The Paley Center for Media, which has locations in both New York and LA, dedicates itself to the preservation of television and radio history. Inside their vast archives of more than 120,000 television shows, commercials and radio programs, there are thousands of important and funny programs waiting to be rediscovered by comedy nerds like you and me.
A lot of attention is being paid this year to Lucy, who is celebrating her 100th birthday this year as her famous TV show celebrates it’s 60th. But you may not have realized that another television classic (sort of) just had its 60th birthday as well, two days ago. On October 5th, 1951, the long-gone DuMont Network broadcast Jackie Gleason’s Cavalcade of Stars, which showed it’s very first “Honeymooners” sketch featuring Alice and Ralph Kramden.

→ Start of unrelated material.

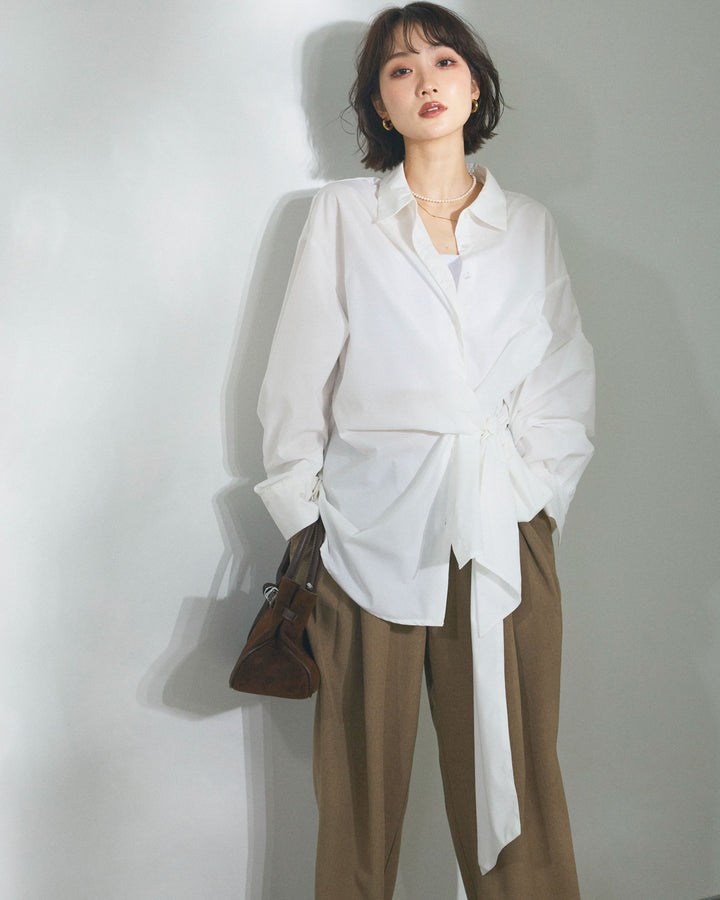 【Allure】[SET]ウエストアシメリボンシャツ+ウエストアシメリボンシャツ(2set)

If you’ve never seen it, The Honeymooners as a series still holds up and, in my opinion, is owed more by the sitcom genre than Lucy. (At the very least, The Flintstones does.) However, according to Jeff Kisseloff’s oral history on the early days of television, The Box, it almost didn’t make it to the air. Cavalcade of Stars writer Harry Crane says, “Jackie didn’t want to do it. He said, ‘There’s no bits. There’s no action. They’re talkin’.’” Eventually Crane got his way, and after this performance the switchboard lit up immediately. It wasn’t long before Gleason was doing Honeymooners bits every single week on Cavalcade.

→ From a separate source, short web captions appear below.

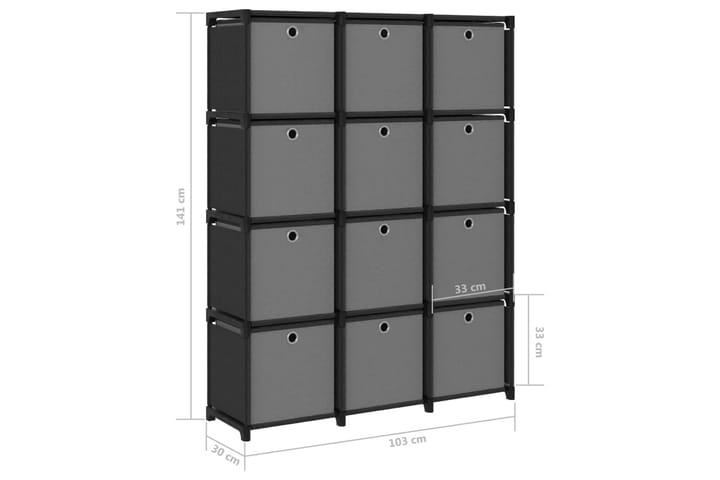 12 kuution esittelyhylly + laatikot musta 103x30x141 cm - Säilytys - Hylly - Hyllyjärjestelmä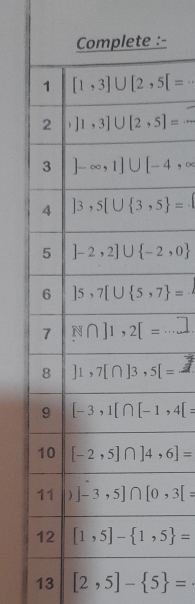 ....].
=1
13 [2,5]- 5 = _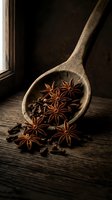 Wooden spoon filled with star anise and cloves spilling onto rustic wood surface in warm natural lighting for culinary and cooking applications.
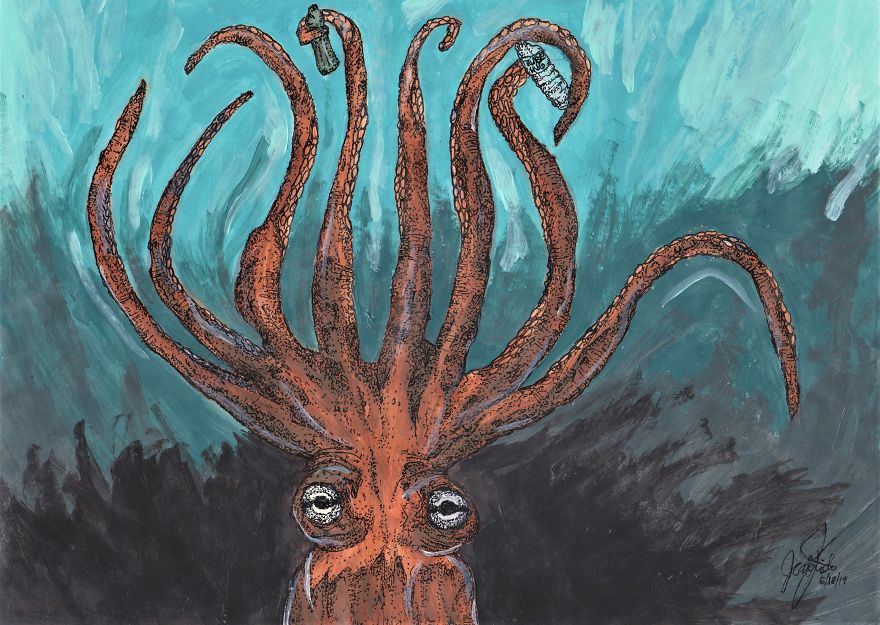 I Paint Colorful Marine Animals With A Twist To Show The Extent Of Plastic Pollution In Our Oceans I Paint Colorful Marine Animals With A Twist To Show The Extent Of Plastic Pollution In Our Oceans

The announcer Don Russell introduces the sketch by saying “that great institution the honeymoon is the time at which the ship of life is launched onto the sea of matrimony,” and then introduces us to Ralph and Alice, a couple whose “boat has sprung a leak.” The sketch runs only five minutes, easily the shortest segment of the hour-long show, and moves very quickly. It resembles the Honeymooners series in many ways: the stark dining room/kitchen set, Ralph’s bus driver uniform, the fight between husband and wife. But, there are just as many differences, most notably the lack of Art Carney as Norton (he appears at the end of the sketch as a police officer) and instead of Audrey Meadows, we see veteran character actress Pert Kelton as Alice. Ms. Kelton brings a much different energy to the role, feeling much more caustic, abrasive, and quite frankly, a more logical pairing for Ralph. She reminded me of a less horrible Jerri Blank from Strangers with Candy, which might be the worst compliment ever given.

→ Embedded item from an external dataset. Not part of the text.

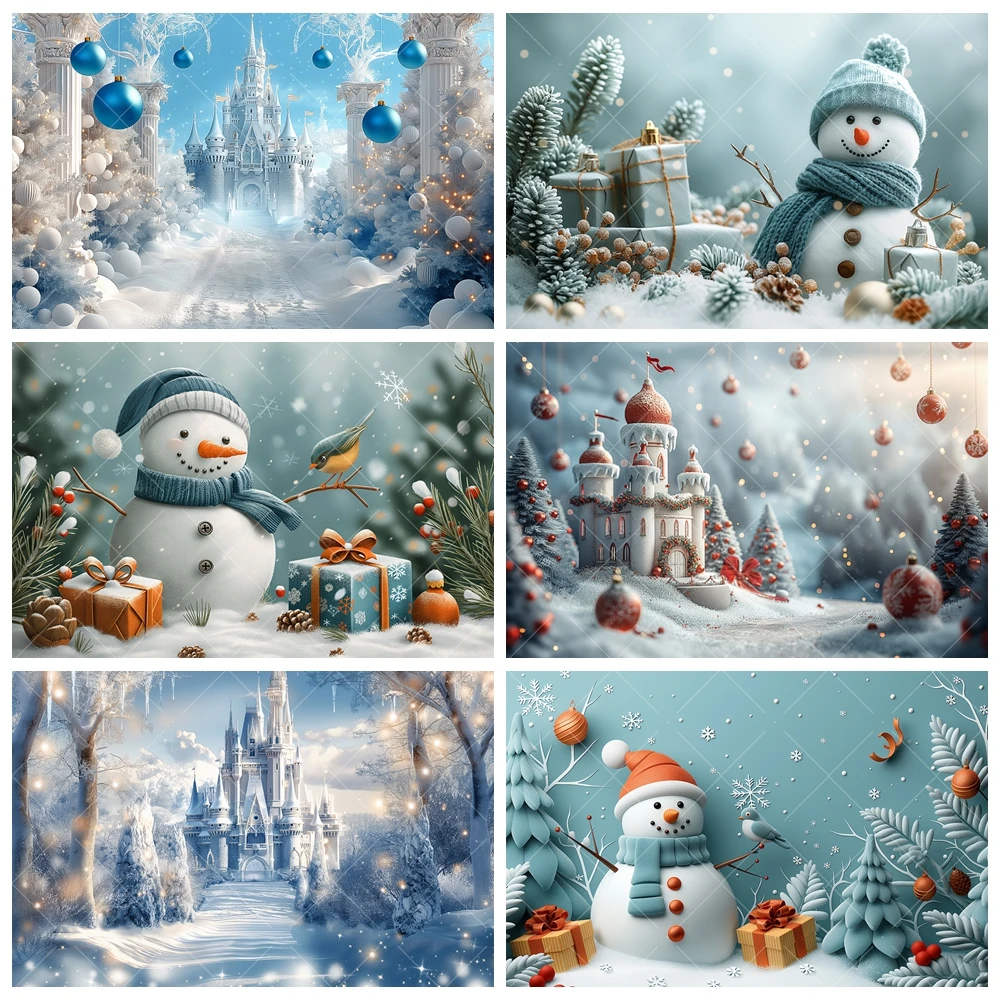 

Merry Christmas Gift Snowman Ice Castle Kids Baby Gifts Family Party Backdrop Custom Kid Room Photo Poster Decor Wall Background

But Gleason was right: there are no bits. It is just talking. Ralph comes home from work, and Alice asks him to “go down to Krauss’ to get some bread.” Ralph doesn’t feel he should have to and they begin to fight. Alice throws the two bread heels out the window, so Ralph throws the bread box out, and so on and so on until Art Carney comes to the door as a cop, covered in flour. Then the sketch ends like pretty much every episode of The Honeymooners would: Ralph sheepishly apologizes, Alice forgives him and Ralph says “C’mere baby” (the prototype for “Baby, you’re the greatest.”) and the pair kisses and the curtains close. It’s a pretty inauspicious secret origin, but you know what? It works. It feels like a real post-war urban couple that’s scraping to make ends meet.
The rest of the show is more of what was in Gleason’s comfort zone. He sings an opening number, does a series of monologue jokes about the bandleader and sends out his condolences to Ralph Branca, the pitcher who had just blown the latest game for the Brooklyn Dodgers. The June Taylor Dancers do a number, as does Pearl Bailey, and so on and so on. The original idea for Cavalcade of the Stars was to bring the feel of vaudeville to television, and as far as I know, this feels successful. We also get the appearance of two of Gleason’s other characters: Joe the Bartender, who does a monologue of one liners and stories about customers (He talks about one who recently got a new car. The joke, “it’s a Plymouth. He put a beard on it. Now everyone thinks it’s a Lincoln,” is a pretty typical example of the style of humor you can expect there.). We also get a (long) sketch from Reggie Van Gleason, a fancy man about town who has recently been disowned by his family and is living in the local dump. The most notable thing I can say about it is that Art Carney appears as the butler.
But is it still funny? This is one of those Paley Center items I’d file more under the “culturally important” section than “funny.” There are some jokes that land, and once Ralph and Alice start bickering, I can’t say that I expected an entire chair to be thrown out of a New York City apartment window. Frankly, if you’re looking for a lot of laughs, your time would probably be better spent elsewhere in the Paley collection (or at the very least, skip past the boring dance numbers). But if you want to see a night of television from which sprang many of the classic shows that you love, take a stop by the Kramden’s first apartment.